Among these questions, injured workers got a chance to ask the Premier about ‘deeming’ and its implication for vulnerable populations.
Our question to her was:
As a Premier, you identify as one who cares about gender equity and fairness for everyone. You have heard much about deeming. Deeming is the practice of the WSIB in cutting injured workers’ benefits based on jobs that they do not have. This in general is an unfair practice. In the case of women worker, who are already in vulnerable and dangerous positions, already earning wages lower than their male counterparts, when deemed and their compensation is cut, they are penalised double. They are forced to become dependent – dependent on social assistance or financial assistance from a partner or their family for support. We want to know what your government is doing regarding eliminating deeming.”
Her response to the issue of deeming was:
This issue has come up over and over again. I have asked questions about deeming in this sense. If there are people who on paper look like they can work, but in fact they are not going to be able to work, then I think we need to ask those questions about how to resolve that issue… If someone is deemed to work, we have to establish if they really are able to work… so I want you to know that I have raised that issue and we will continue to work to get a good answer for that question … and it is not fair if someone cannot work; if they are being penalised for not working.”

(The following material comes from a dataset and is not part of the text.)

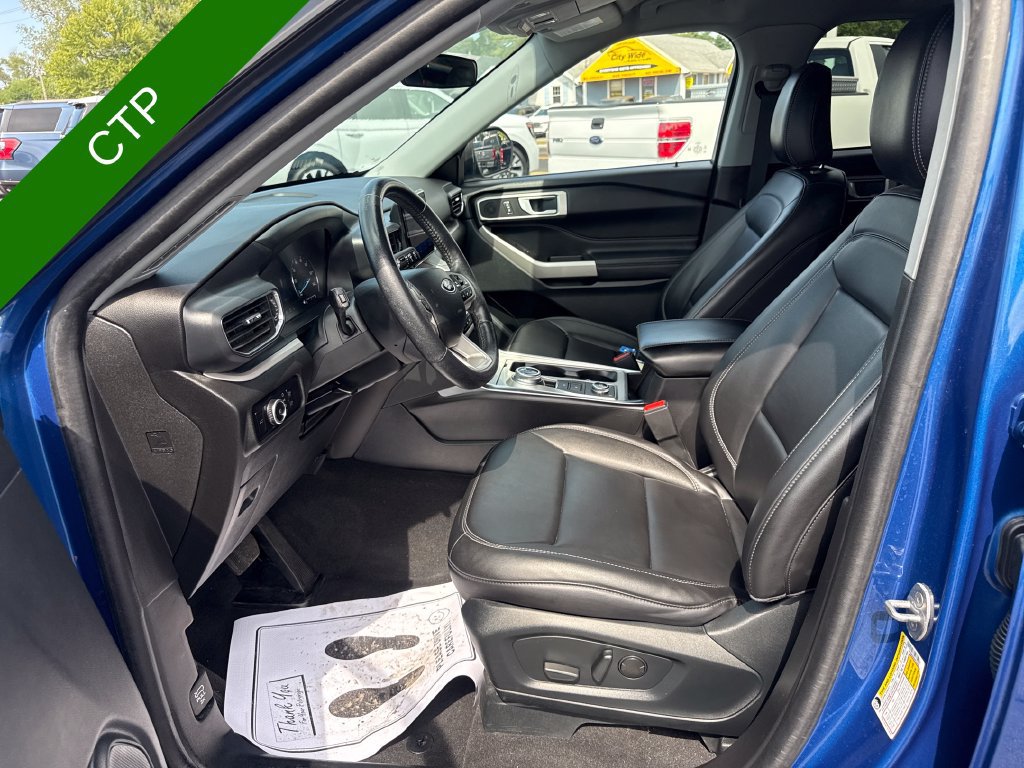 Used 2023 Ford Explorer XLT w/ Equipment Group 202A AWD/4WD image 19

Injured workers appreciate the questions asked by the Premier, however, we have on numerous occasions spoken to her regarding the elimination of the practice of deeming and we now ask for action. Deeming assumes that the injured worker who is not able to attain a job is receiving wages and uses that assumption to justify the slashing of the injured worker’s compensation, thus becoming a pathway to poverty for many injured workers with permanent impairments.
Deeming has to be eliminated. Injured workers should be compensated for the time they take to recover from their injury and for the time it takes to find a job that is safe for them to return to. If the injury takes away their capacity to earn wages, the WSIB must be a system that compensates the injured worker for their lost earnings.
As the Premier says: “It is not fair if someone cannot work; if they are being penalised for not working”. It is certainly not fair for injured workers to be penalised by an unjust practice that bases itself on wages that are not earned in actuality. We work for action by the government and the WSIB.